Mayte Martín, en su acercamiento al género acompañada del gran –y siempre polémico–
Tete Montoliu, da una nueva muestra de su progresivo y vertiginoso crecimiento artístico, se diría ya que sin límites posibles. Hace suyo el discurso de algunos de los más clásicos boleros, anteponiendo su liderazgo en la cronología de las palabras, silabizándolas a su antojo –con una leve y quizá innecesaria sudamericanización en la pronunciación de la c–, pero sin el capricho de fragmentarlas para hacer notar su personalidad, sino dejando imponer esta con la sutiliza de un dominio no forzado, con un detalle exquisito en la sensibilidad de un decir muy personal que también es universal: podría ser cualquiera, pero al final solo es ella.
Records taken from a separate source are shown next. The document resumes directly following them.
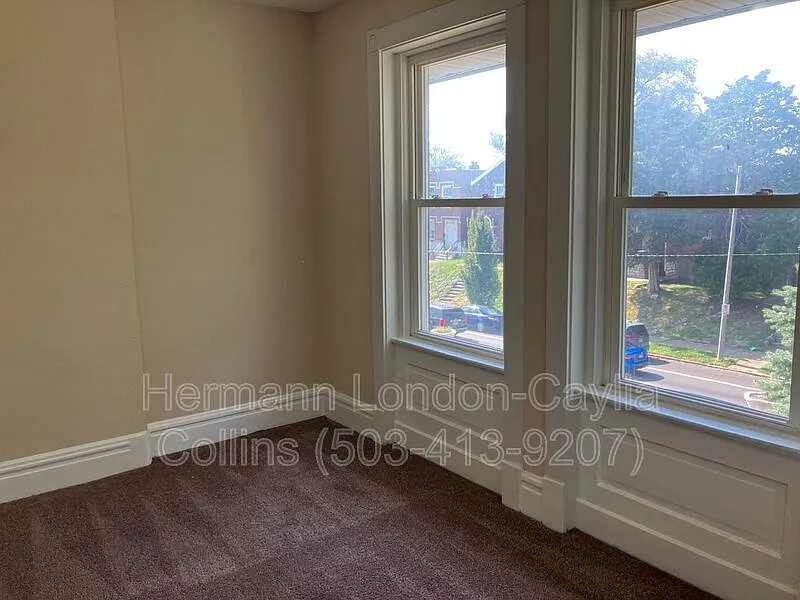 5 bed, 2.0 bath, 2218 sqft, $1,695 — Photo 2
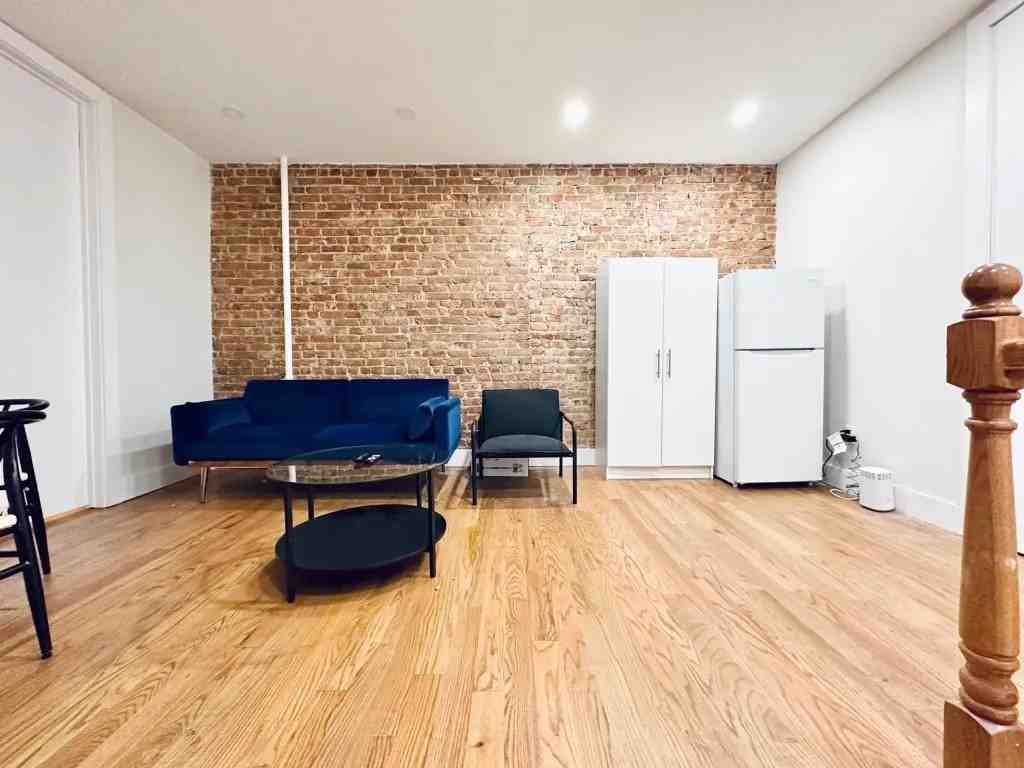 Private Bedroom in 7 Bedroom/3 Bathroom Home - Photo 7 of 8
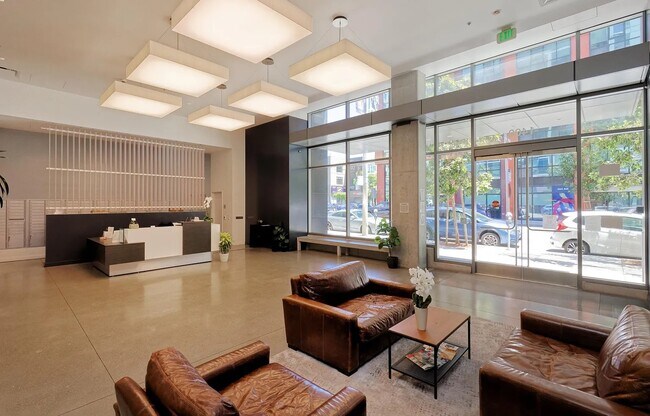 Staffed Lobby - 1400 Mission St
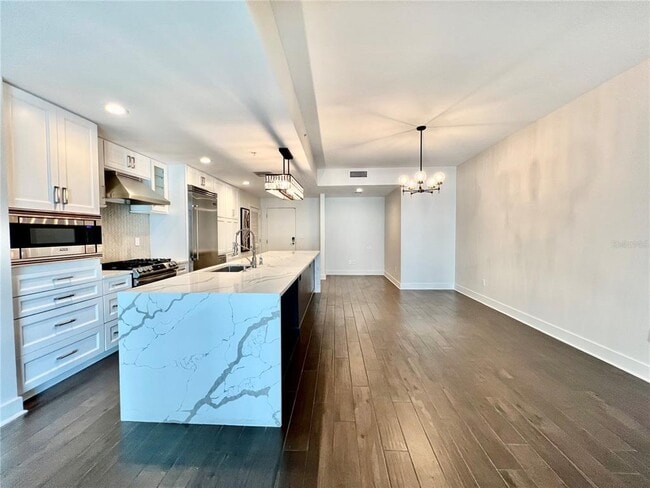 Photo - 1120 E Kennedy Blvd Condo Unit 411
Y Tete Montoliu, como siempre, jugando a niño ingenioso que, agradecido, espera el cariño del público. También como siempre, maestro bregado en mil batallas que, aun adaptándose más de lo que en él es habitual al guion de la noche –grabación de disco en directo, este pasado verano–, no puede evitar salirse de los renglones para sobrexponer una indudable calidad que él siente pero no ve y que se empeña a toda costa que el público vea, primero, y sienta, después.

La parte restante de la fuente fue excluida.